++++ PROVIDED RECORDS ++++

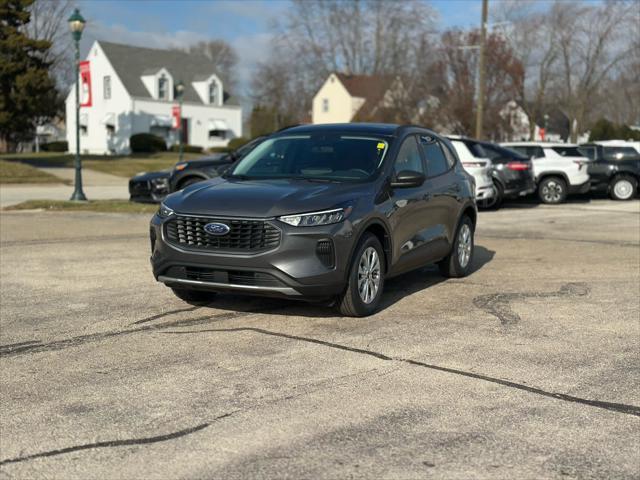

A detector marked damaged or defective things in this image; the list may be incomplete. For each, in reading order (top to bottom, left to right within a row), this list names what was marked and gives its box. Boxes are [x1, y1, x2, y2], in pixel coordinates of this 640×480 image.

pavement crack [470, 282, 592, 326]
pavement crack [162, 326, 636, 416]
pavement crack [0, 416, 229, 468]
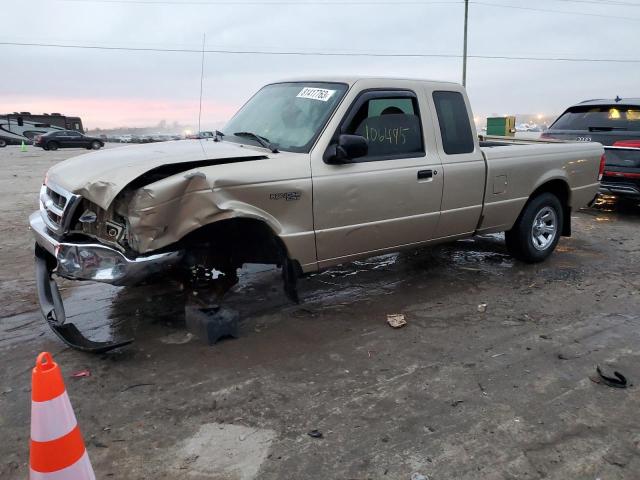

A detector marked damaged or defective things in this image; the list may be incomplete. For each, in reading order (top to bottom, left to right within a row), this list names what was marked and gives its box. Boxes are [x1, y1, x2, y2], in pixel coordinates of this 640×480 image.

crumpled hood [47, 137, 272, 208]
damaged front end [31, 182, 182, 354]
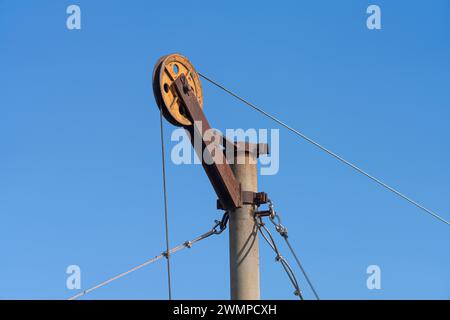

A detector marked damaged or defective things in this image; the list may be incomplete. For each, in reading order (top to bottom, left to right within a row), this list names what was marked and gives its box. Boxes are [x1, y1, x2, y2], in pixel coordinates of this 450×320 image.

rusty pulley [154, 53, 205, 126]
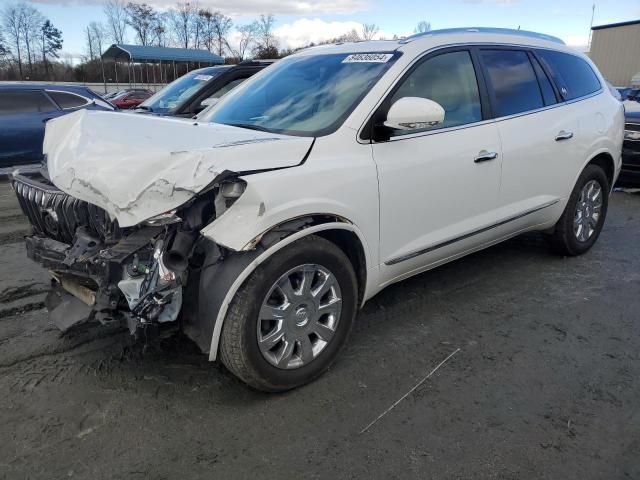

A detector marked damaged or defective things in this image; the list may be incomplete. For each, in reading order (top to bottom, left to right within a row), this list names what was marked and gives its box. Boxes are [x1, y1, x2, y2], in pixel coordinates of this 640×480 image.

crumpled hood [43, 109, 314, 228]
damaged front end [11, 172, 242, 338]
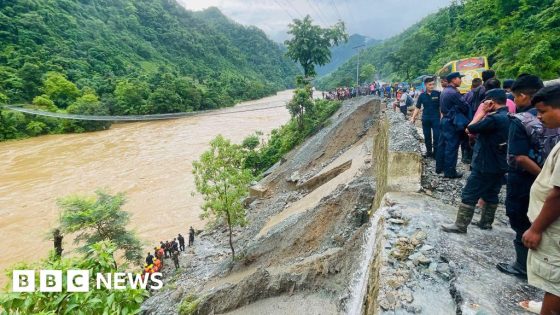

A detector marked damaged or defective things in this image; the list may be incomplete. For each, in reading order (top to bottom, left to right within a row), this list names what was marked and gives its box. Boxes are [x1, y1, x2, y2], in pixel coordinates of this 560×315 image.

damaged infrastructure [142, 97, 540, 315]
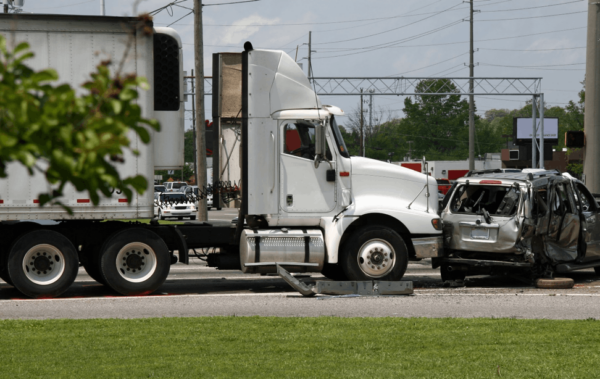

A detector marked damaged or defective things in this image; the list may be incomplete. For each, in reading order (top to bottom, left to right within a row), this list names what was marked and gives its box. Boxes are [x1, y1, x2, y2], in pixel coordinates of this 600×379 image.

shattered car window [450, 186, 520, 217]
wrecked suv [434, 171, 600, 280]
damaged car door [540, 181, 580, 264]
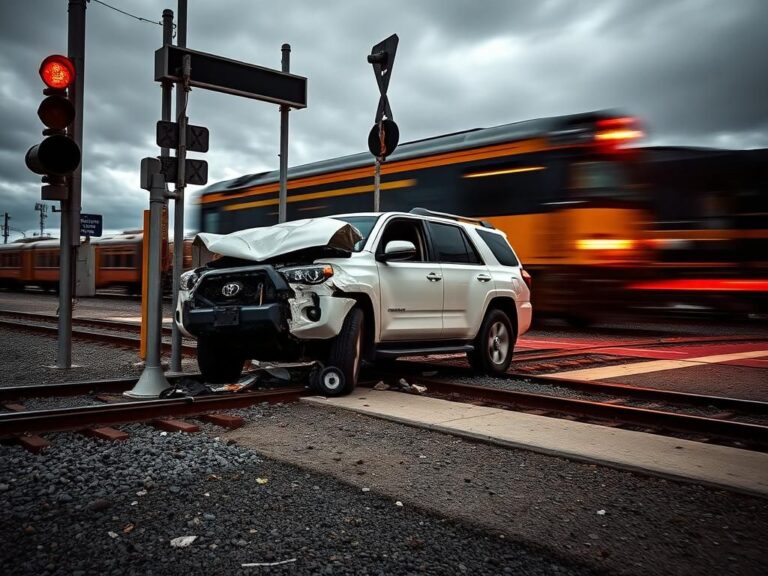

++++

[WHAT THE EXERCISE ASKS]: Write out an exact copy of the lines beginning at the line that contains "this 560×315 image." and ending at the last line of the listing. Exclude pictures.

[FINAL ANSWER]:
A detector marked damaged or defective things in this image; the list may be incomplete. For each, in reading order (top to bottom, left to right within a row), this list names what was marked and gives its box. Boxes are [x1, y1, x2, y2], in pixel coordinates of this 560×315 image.

damaged infrastructure [142, 97, 540, 315]

A detector marked damaged or defective things in this image; the list may be incomplete. For each, in reading order (top to bottom, left to right within a row), this list names what was marked and gives its box. Boxes are [x1, y1, x2, y2], in pixel coordinates of this 600×379 image.

shattered car window [450, 186, 520, 217]
wrecked suv [434, 171, 600, 280]
damaged car door [540, 181, 580, 264]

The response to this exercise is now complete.